Casino Royale is the 21st Bond film to be produced under the auspices of Eon Productions, in a series that began in 1962 with Dr No. The introduction of a new Bond - Daniel Craig - was the perfect opportunity for a top to bottom spring clean of the franchise.
"Casino Royale is the first of the Bond novels - it came out in 1953," says title designer, Daniel Kleinman, "And although this film is set in the present, it really takes Bond back to square one - to his action-agent roots. Going back to this source material signals the start of a new Bond era."

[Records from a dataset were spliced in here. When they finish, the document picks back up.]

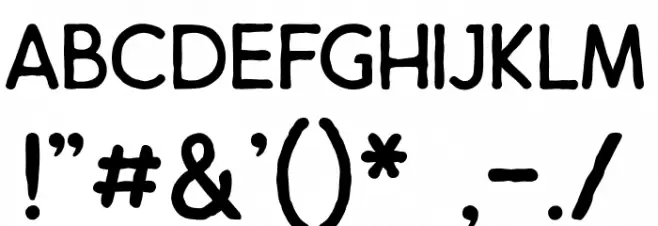 Thirty Sans Font Alte caractere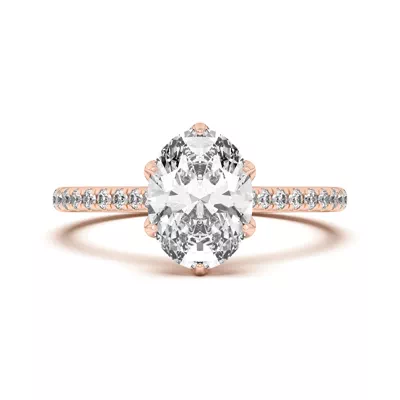 Marigold Tulip Inspired 6 Prong Lab Engagement Ring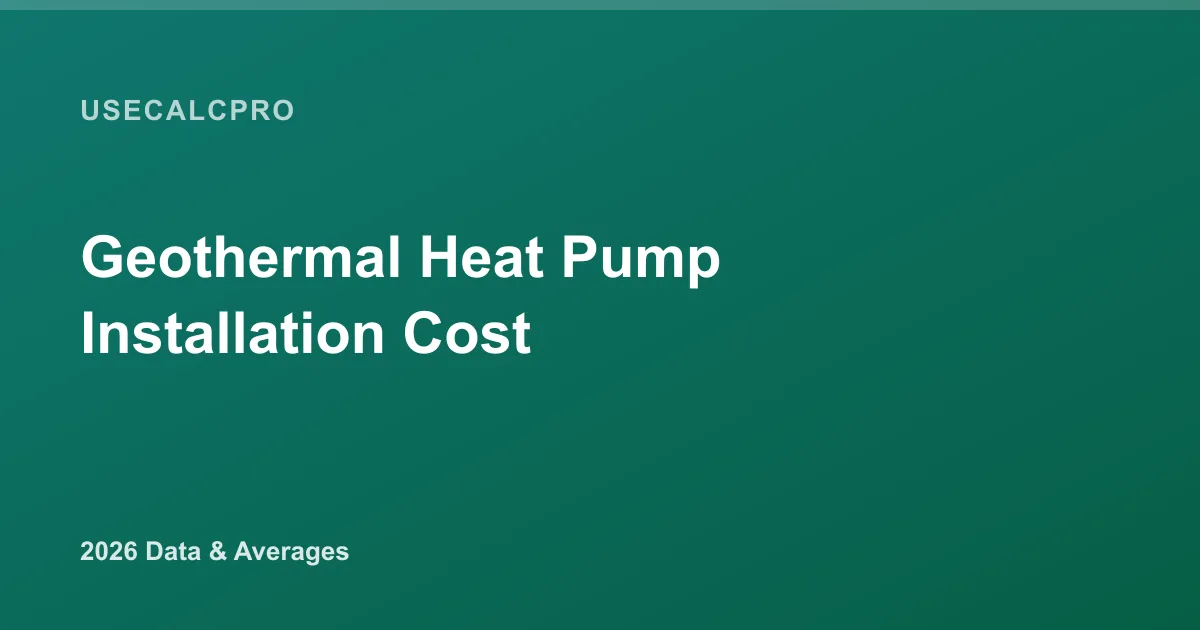 How Much Does Geothermal Cost to Install (2026)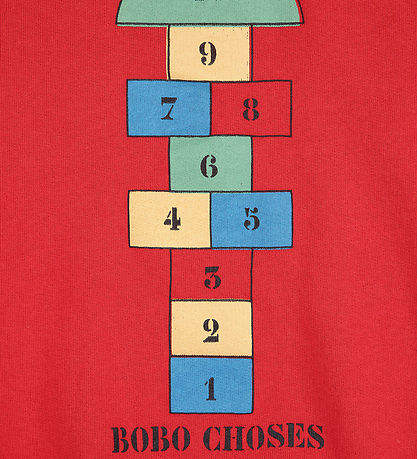 Bobo Choses Sweatshirt - Hopscotch - Red Bobo Choses Sweatshirt - Hopscotch - Red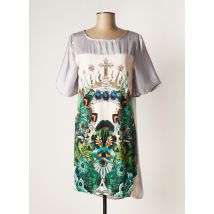 MISSING JOHNNY - Robe courte gris en coton - Femme - Taille 38 - Modz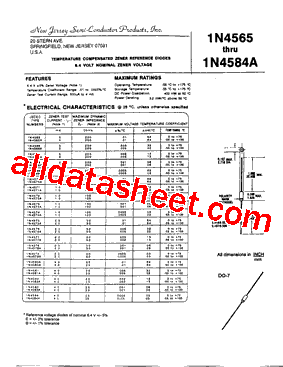 1N4565A型号图片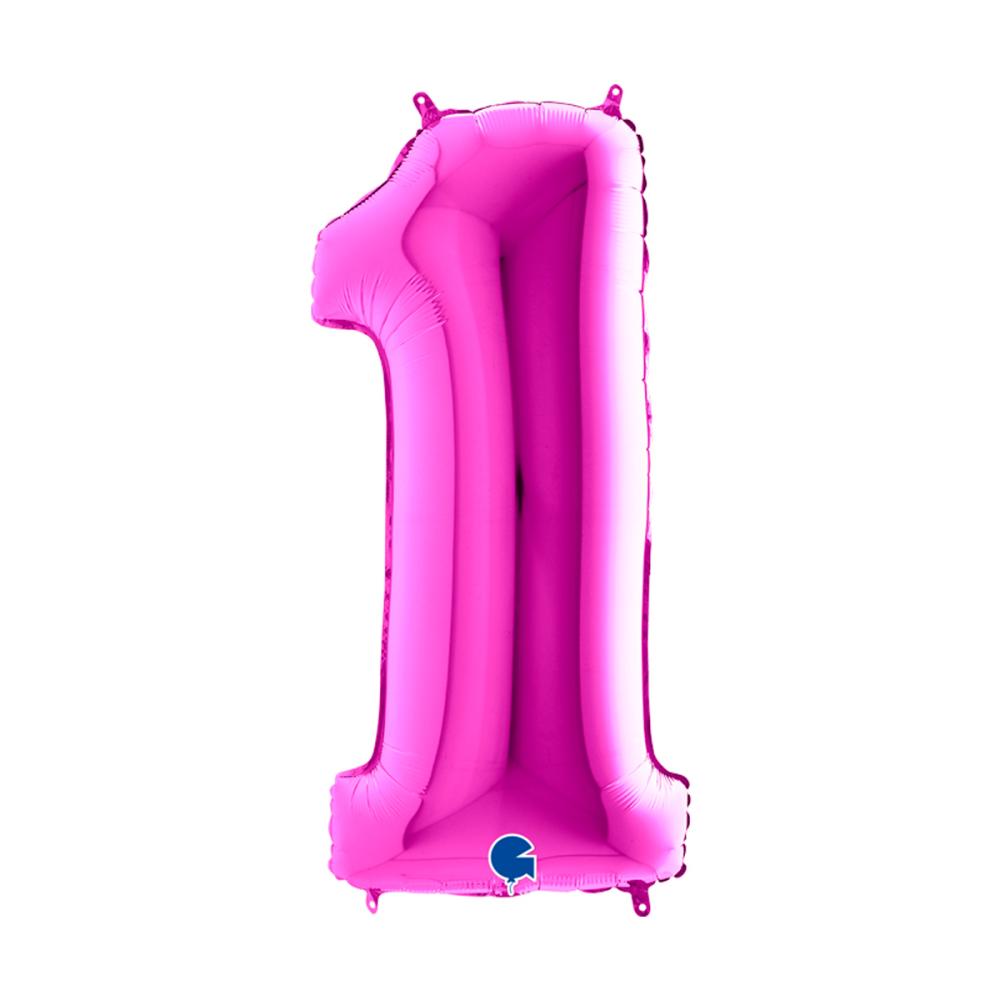Ballongsiffra - Ett Lila 100 cm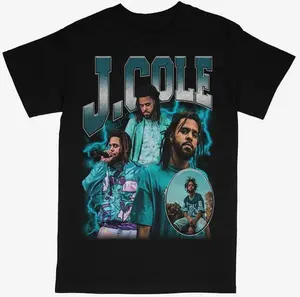 J Cole Hip Hop Rap Style T-shirt For Men Women, For Fans Unisex Casual Streetswear Top (Charlotte)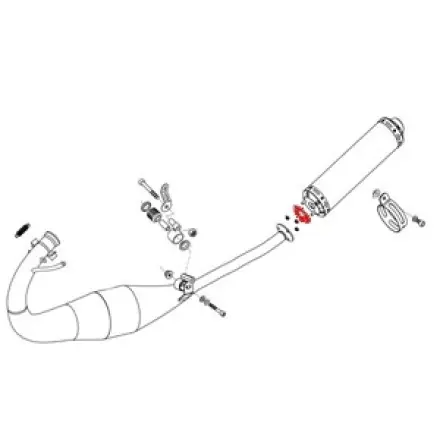 Sale Auspuff Dichtung für Enddämpfer Aprilia Rs 125 ccm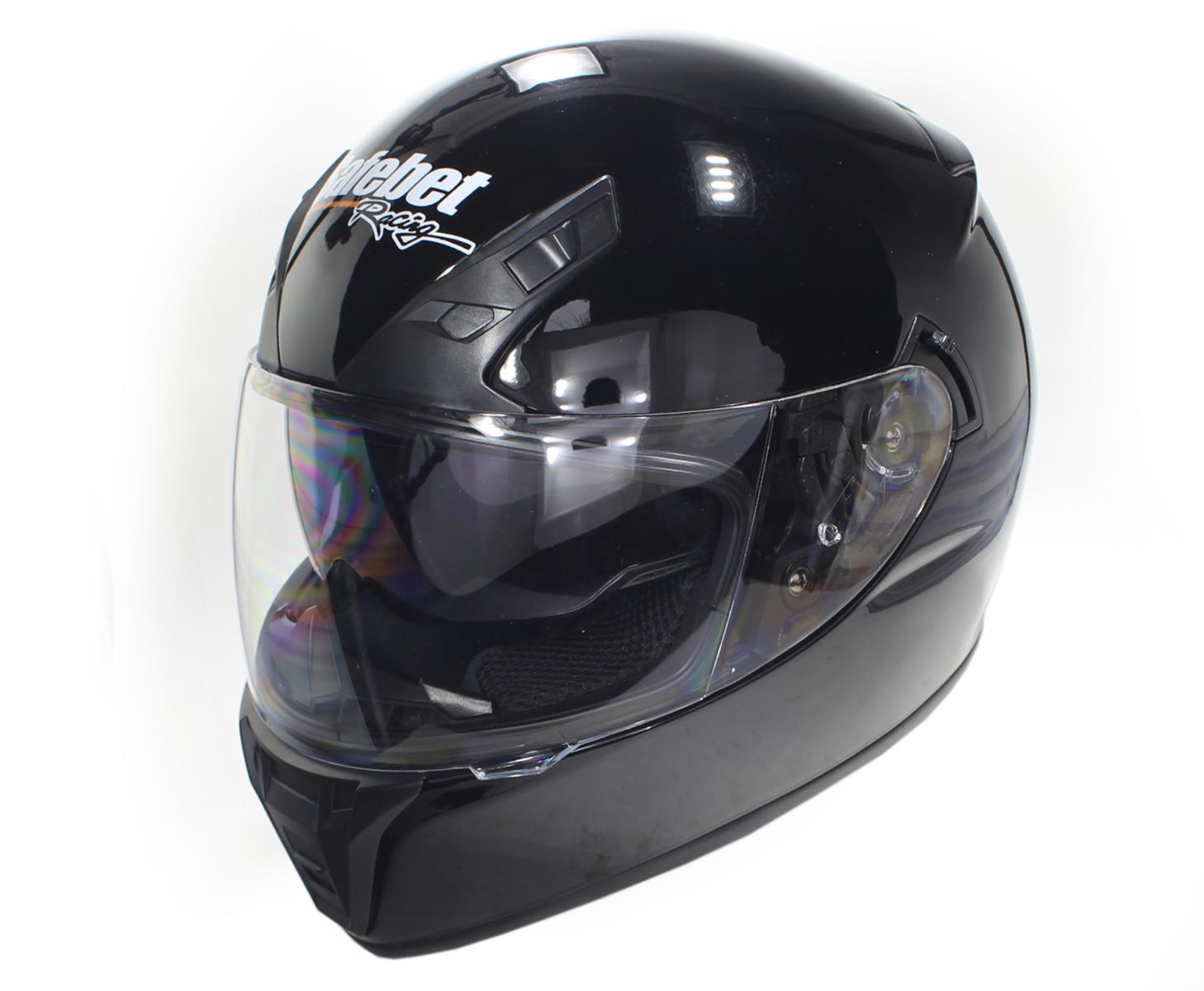 KASK SAFEBET HF-125A BLACK XXL (BRAK ECE) DOT FMVSS 218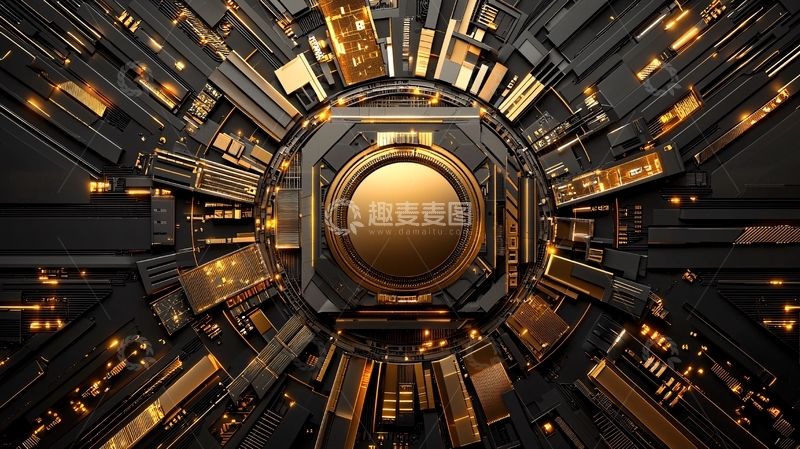 高清大图下载【趣麦麦图】未来科技通道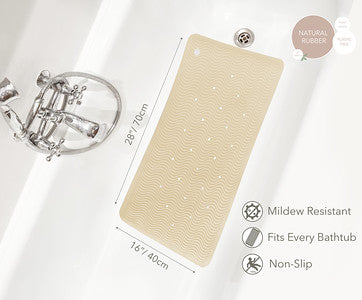 Hevea - Bath Mat - Upcycled Natural Rubber - Regular - Colour: Sand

"The titles have been a defining element of the Bond films for decades," continues Kleinman, "And a defining feature of the titles has been the girls. Given the spirit of this new film, that simply no longer felt appropriate. In addition, the script sees Bond falling in love, so even on a sub-textual level, having a parade of anonymous beauties wasn't the way to go."
Kleinman decided that a back to basics approach was best. "I wanted to simplify the look, give it a harder feel than the hi-tech ultra-glam with which the titles have become identified. Graphic design seemed a good way to go in this direction."
The film's title and subject matter were deciding factors in Kleinman's approach to the graphic elements.
"Martin Campbell (Casino Royale's director) mentioned that he liked the idea of a card motif - and I took that and ran with it as far as possible," he recalls, "One starting point was Ian Fleming's own design for the first edition of Casino Royale, which used the hearts from a playing card. I also remember that a puff of gun smoke stylised into the form of a club symbol came to me early, and I sketched that."
Kleinman brought his ideas and sketches to William Bartlett, head of inferno at Framestore CFC Commercials, and frequent supervisor of Kleinman's commercials. The two had also worked together on three previous Bond title sequences.
"The previous film, Die Another Day (2002), was almost the apotheosis of the old style," says Bartlett, "We'd taken it pretty much as far as it would go - the glossiness, the focus pulls, the fiery transitions - and I was delighted to be taking a new approach. Danny took the essences of the casino world - playing cards, roulette wheels, and the patterns on money itself - as his lead design elements."
"We wanted to include fight sequences as part of the visuals, but we didn't want to wander into censorship territory with the violence. By using an animation-like technique - rotoscoping - over real footage of fights, we could create something that looked fantastic, but which also acted as a cushion or protective layer to the violence. Another reason we liked this so much was that we realised that you could have really quite crude - almost abstract - shapes that, because the movement was so real, were still intelligible."
The look of the rotoscoped actors also tied in well with the work of another key influence on the titles - legendary designer Saul Bass. "If you look at Bass's work on titles such as The Man With The Golden Arm or Vertigo," Bartlett elaborates, "The shapes he used were pretty rudimentary - basically paper cut-outs. By applying computer technology to this basic material, we could create something that was simultaneously retro and ultra-modern."
Joining Bartlett in the Inferno suite was Framestore Design's Adam Parry, who both contributed ideas to the creative pool, and worked on their implementation. Bartlett and Parry would come up with suggestions and forward them to Kleinman, who would select ones he liked for further development.
Work was, naturally, cut to the film's title song, You Know My Name, by Chris Cornell. To avoid potential confusion, rather than doing an edit in PAL and then converting it, the whole thing was cut in Flame and the team worked at 24 frames throughout.
Initially, the Inferno team appeared to have, in Bartlett's words, a "slightly luxurious deadline extension." This was because, elsewhere in Framestore CFC's Noel Street building, the company's Head of Digital Grading, Adam Glasman, was working with cinematographer Phil Meheux on the film's digital intermediate. This meant that transport and set-up issues to do with delivery of the completed titles would not be a problem. In the event, however, Bartlett was taken away from the titles for two weeks by another delivery deadline - the birth of his first child. He and Parry ended up working six weekends in a row, with 7.00am starts, in order to create the necessary time for the happy event. However, coming back from his paternity leave was, Bartlett says, "a great chance to look at the details with a fresh eye."